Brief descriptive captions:
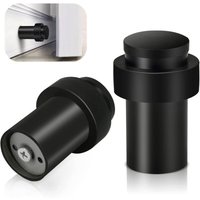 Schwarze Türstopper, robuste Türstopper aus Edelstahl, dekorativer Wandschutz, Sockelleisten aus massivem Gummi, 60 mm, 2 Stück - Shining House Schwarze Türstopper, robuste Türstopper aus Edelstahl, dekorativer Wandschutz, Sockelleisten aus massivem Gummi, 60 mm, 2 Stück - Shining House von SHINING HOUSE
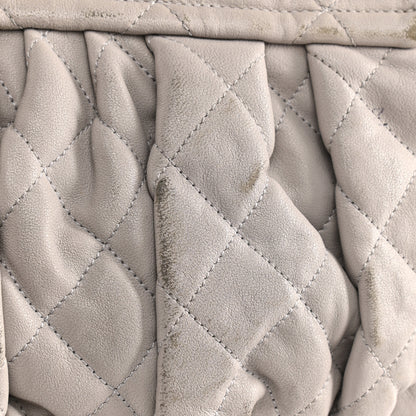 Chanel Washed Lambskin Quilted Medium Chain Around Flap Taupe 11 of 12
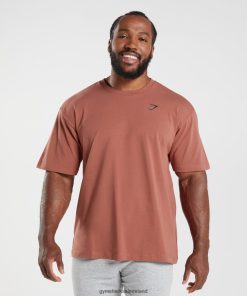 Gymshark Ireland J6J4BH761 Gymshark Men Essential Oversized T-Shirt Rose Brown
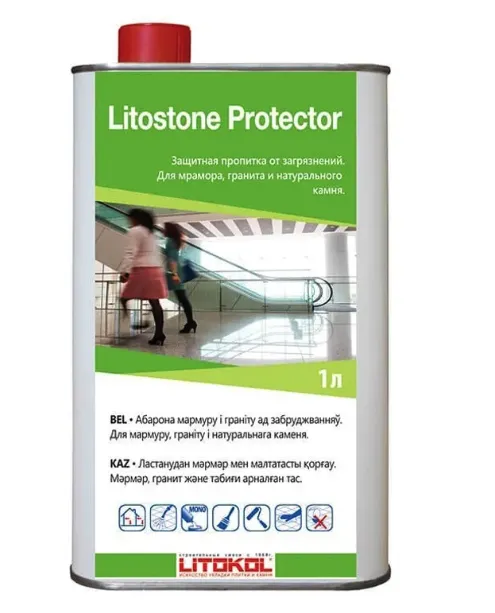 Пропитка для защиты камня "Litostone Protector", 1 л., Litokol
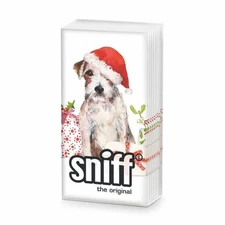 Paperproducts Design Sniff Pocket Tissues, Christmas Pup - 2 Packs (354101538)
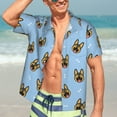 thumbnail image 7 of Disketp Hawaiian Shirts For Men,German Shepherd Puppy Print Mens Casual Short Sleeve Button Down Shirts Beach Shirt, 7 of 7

WORK TASK:
Skip every picture and return the lines above from the top through the one that contains "Paperproducts Design Sniff".

PROBLEM SOLUTION:
 Schwarze Türstopper, robuste Türstopper aus Edelstahl, dekorativer Wandschutz, Sockelleisten aus massivem Gummi, 60 mm, 2 Stück - Shining House Schwarze Türstopper, robuste Türstopper aus Edelstahl, dekorativer Wandschutz, Sockelleisten aus massivem Gummi, 60 mm, 2 Stück - Shining House von SHINING HOUSE
 Chanel Washed Lambskin Quilted Medium Chain Around Flap Taupe 11 of 12
 Gymshark Ireland J6J4BH761 Gymshark Men Essential Oversized T-Shirt Rose Brown
 Пропитка для защиты камня "Litostone Protector", 1 л., Litokol
 Paperproducts Design Sniff Pocket Tissues, Christmas Pup - 2 Packs (354101538)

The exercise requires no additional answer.